|"Whaddaya mean they make cars in Canada? Where, for Christ's sake?" Image via Greenpeace.|
I think I may have a fix on what happened (as discussed in yesterday's post, and thanks to a comment from Professor Fate) when Trump was enjoying himself telling the Missouri Republicans how he makes shit up the other day, if you bear with me for a minute here, starting with the fact that he's told the story about his brilliant defeat of Prime Minister Trudeau before, notably at the Pensacola rally in support of Roy Moore, December 8, via Toronto Globe and Mail:
"I like the prime minister very much. Prime Minister Trudeau. Nice guy. Good guy. No, I like him. But we had a meeting... He said, 'No, no, you have a trade surplus.' I said, 'No we don't.' He said, 'No, no you have a trade surplus,"' Trump told the Florida crowd.

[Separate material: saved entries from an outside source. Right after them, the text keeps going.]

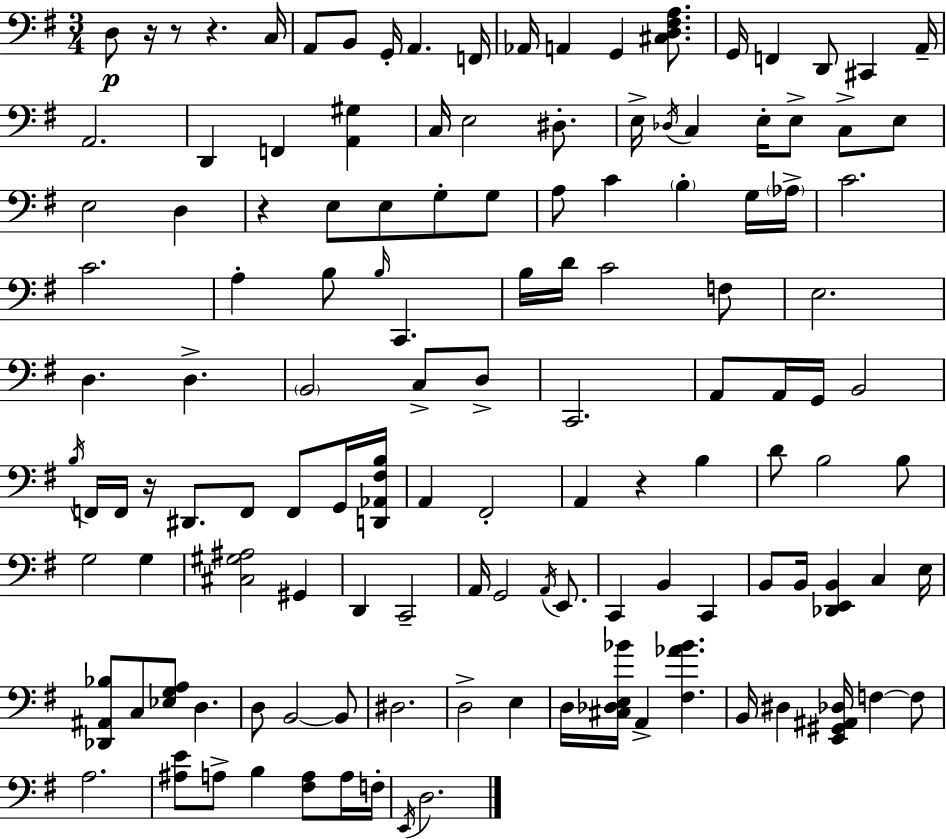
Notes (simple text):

D3/e R/s R/e R/q. C3/s A2/e B2/e G2/s A2/q. F2/s Ab2/s A2/q G2/q [C#3,D3,F#3,A3]/e. G2/s F2/q D2/e C#2/q A2/s A2/h. D2/q F2/q [A2,G#3]/q C3/s E3/h D#3/e. E3/s Db3/s C3/q E3/s E3/e C3/e E3/e E3/h D3/q R/q E3/e E3/e G3/e G3/e A3/e C4/q B3/q G3/s Ab3/s C4/h. C4/h. A3/q B3/e B3/s C2/q. B3/s D4/s C4/h F3/e E3/h. D3/q. D3/q. B2/h C3/e D3/e C2/h. A2/e A2/s G2/s B2/h B3/s F2/s F2/s R/s D#2/e. F2/e F2/e G2/s [D2,Ab2,F#3,B3]/s A2/q F#2/h A2/q R/q B3/q D4/e B3/h B3/e G3/h G3/q [C#3,G#3,A#3]/h G#2/q D2/q C2/h A2/s G2/h A2/s E2/e. C2/q B2/q C2/q B2/e B2/s [Db2,E2,B2]/q C3/q E3/s [Db2,A#2,Bb3]/e C3/e [Eb3,G3,A3]/e D3/q. D3/e B2/h B2/e D#3/h. D3/h E3/q D3/s [C#3,Db3,E3,Bb4]/s A2/q [F#3,Ab4,Bb4]/q. B2/s D#3/q [E2,G#2,A#2,Db3]/s F3/q F3/e A3/h. [A#3,E4]/e A3/e B3/q [F#3,A3]/e A3/s F3/s E2/s D3/h. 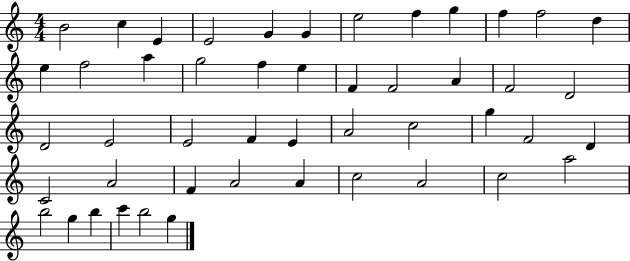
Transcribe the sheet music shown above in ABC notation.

X:1
T:Untitled
M:4/4
L:1/4
K:C
B2 c E E2 G G e2 f g f f2 d e f2 a g2 f e F F2 A F2 D2 D2 E2 E2 F E A2 c2 g F2 D C2 A2 F A2 A c2 A2 c2 a2 b2 g b c' b2 g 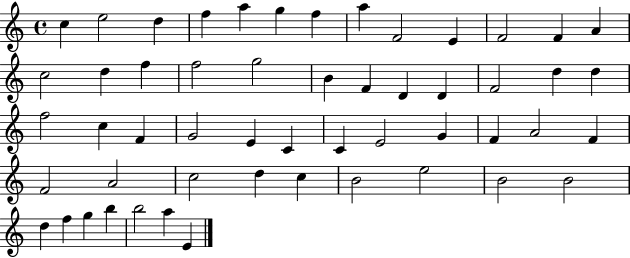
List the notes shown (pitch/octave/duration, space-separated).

C5/q E5/h D5/q F5/q A5/q G5/q F5/q A5/q F4/h E4/q F4/h F4/q A4/q C5/h D5/q F5/q F5/h G5/h B4/q F4/q D4/q D4/q F4/h D5/q D5/q F5/h C5/q F4/q G4/h E4/q C4/q C4/q E4/h G4/q F4/q A4/h F4/q F4/h A4/h C5/h D5/q C5/q B4/h E5/h B4/h B4/h D5/q F5/q G5/q B5/q B5/h A5/q E4/q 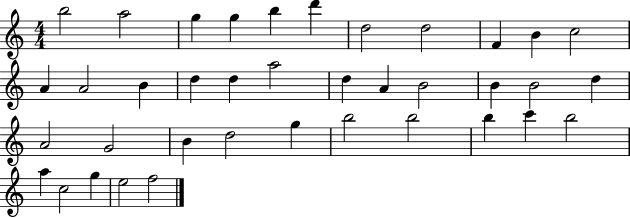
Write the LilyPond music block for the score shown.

{
  \clef treble
  \numericTimeSignature
  \time 4/4
  \key c \major
  b''2 a''2 | g''4 g''4 b''4 d'''4 | d''2 d''2 | f'4 b'4 c''2 | \break a'4 a'2 b'4 | d''4 d''4 a''2 | d''4 a'4 b'2 | b'4 b'2 d''4 | \break a'2 g'2 | b'4 d''2 g''4 | b''2 b''2 | b''4 c'''4 b''2 | \break a''4 c''2 g''4 | e''2 f''2 | \bar "|."
} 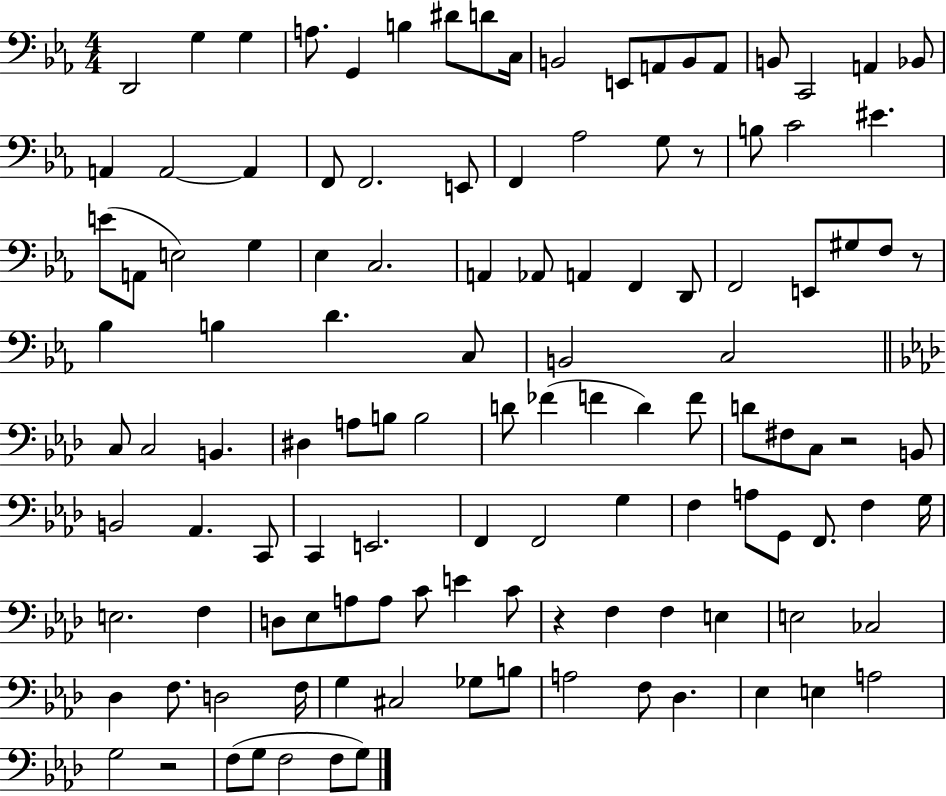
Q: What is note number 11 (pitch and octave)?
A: E2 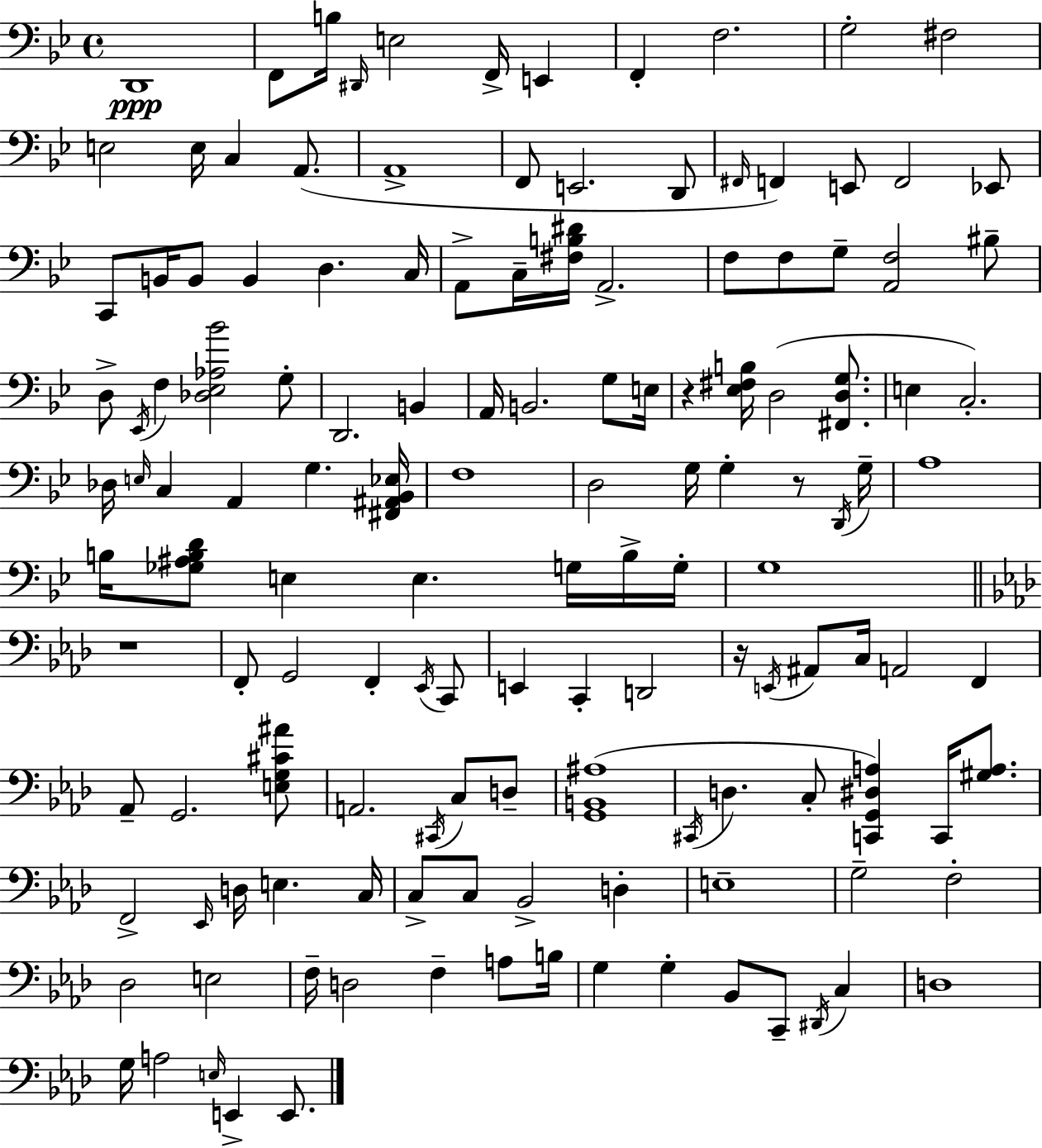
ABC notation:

X:1
T:Untitled
M:4/4
L:1/4
K:Gm
D,,4 F,,/2 B,/4 ^D,,/4 E,2 F,,/4 E,, F,, F,2 G,2 ^F,2 E,2 E,/4 C, A,,/2 A,,4 F,,/2 E,,2 D,,/2 ^F,,/4 F,, E,,/2 F,,2 _E,,/2 C,,/2 B,,/4 B,,/2 B,, D, C,/4 A,,/2 C,/4 [^F,B,^D]/4 A,,2 F,/2 F,/2 G,/2 [A,,F,]2 ^B,/2 D,/2 _E,,/4 F, [_D,_E,_A,_B]2 G,/2 D,,2 B,, A,,/4 B,,2 G,/2 E,/4 z [_E,^F,B,]/4 D,2 [^F,,D,G,]/2 E, C,2 _D,/4 E,/4 C, A,, G, [^F,,^A,,_B,,_E,]/4 F,4 D,2 G,/4 G, z/2 D,,/4 G,/4 A,4 B,/4 [_G,^A,B,D]/2 E, E, G,/4 B,/4 G,/4 G,4 z4 F,,/2 G,,2 F,, _E,,/4 C,,/2 E,, C,, D,,2 z/4 E,,/4 ^A,,/2 C,/4 A,,2 F,, _A,,/2 G,,2 [E,G,^C^A]/2 A,,2 ^C,,/4 C,/2 D,/2 [G,,B,,^A,]4 ^C,,/4 D, C,/2 [C,,G,,^D,A,] C,,/4 [^G,A,]/2 F,,2 _E,,/4 D,/4 E, C,/4 C,/2 C,/2 _B,,2 D, E,4 G,2 F,2 _D,2 E,2 F,/4 D,2 F, A,/2 B,/4 G, G, _B,,/2 C,,/2 ^D,,/4 C, D,4 G,/4 A,2 E,/4 E,, E,,/2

"(Trudeau) said, 'I'm telling you that Canada has a deficit with the United States.' I told my people – in front of a lot of people – I said, 'Go out and check'."
He said his staff found Trudeau left out some key details, pertaining to trade in goods: "(Trudeau) was right. Except he forgot two categories: Lumber timber; and energy. Other than that, he was right. When you add them all together, we actually have a $17-billion deficit with Canada."
So for one thing, the $17-billion deficit Huckabee Sanders was referring to in her tweet couldn't have been the one Trump was referring to in the December speech, because the Census Bureau wouldn't have had those numbers yet; they run about two months behind, so the 2017 US deficit in goods trade with Canada would have been about $12 billion at that point. The "lumber timber" (a solecism, timber is felled trees and lumber is after it's been cut to size) would, of course, have been just as irrelevant.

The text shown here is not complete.